Aliás, são questões estas que em nada nos graduam no
plano de ação lídima e eficiente, que o conhecimento
da Doutrina impõe e a humanidade reclama.
Crente
ou não da corporeidade fluídica d'O Cristo, o que dele devemos reivindicar não é a
natureza do corpo mas a sublimidade do Espírito que, superior ao farisaísmo
meticuloso e do saduceismo arrogante de seu tempo, colocava o amor de Deus e do próximo acima de todas as coisas.
Quanto
a outras perguntas, importa dizer: o estudo do Evangelho integrais a luz da
Revelação de Roustaing foram adotados na Federação sem exclusividade do “Evangelho
segundo o Espiritismo”, de Kardec, por ocasião do centenário deste, conforme
consta da Memória Histórica então editada, comemorando o acontecimento.
Isto vale por dizer que a Federação não impõe mas procura
divulgar criteriosamente uma obra útil para o advento integral do Espiritismo,
no que ele tem de mais elevado - a moral cristã.

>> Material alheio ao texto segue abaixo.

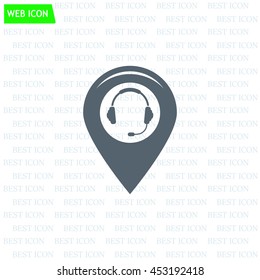 Illustration of a map mark icon with a ear phones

Essa iniciativa não foi fruto arbitrário, tendencioso,
humano - foi resultante da cooperação dos Bezerra, dos Sayão, dos Geminiano, dos
Bittencourt Sampaio, já como homens, no Grupo Ismael, já como espíritos desencarnados,
em confabulações persistentes com os dirigentes ostensivos daquela casa e nas
quais colaborou o próprio espírito de Kardec.
Agora, se quisermos, à luz do nosso critério humano
julgar da árvore pelo fruto, considerando a tarefa dessa instituição, a sua
existência impávida e coesa de 35 anos através de todas as vicissitudes e mercê
das fraquezas dos homens seus servidores, havemos de convir que a sua orientação
reflete algo de mais poderoso e menos efêmero que as nossas veleidades exegéticas.
Sobrara-nos autoridade para aconselhar e aos que dúvidas
e controvérsias tais suscitam, diríamos:
estudai, estudai sempre, mas lembrando-vos que sois espíritos encarnados, grilhetas de um mundo em que a luz
se coa através das malhas de uma inteligência limitada; em que a Verdade
Absoluta se dilata por etapas gradativas, não isentas de sombras e miragens
fantásticas; estudai, numa palavra, com humildade e com fé, mas sobretudo amai,
amai a tudo e a todos, porque o amor é a escada única que dá planos alcantilados do infinito, nos quais indefinida
embora, não deixa de existir a Verdade Absoluta – Deus.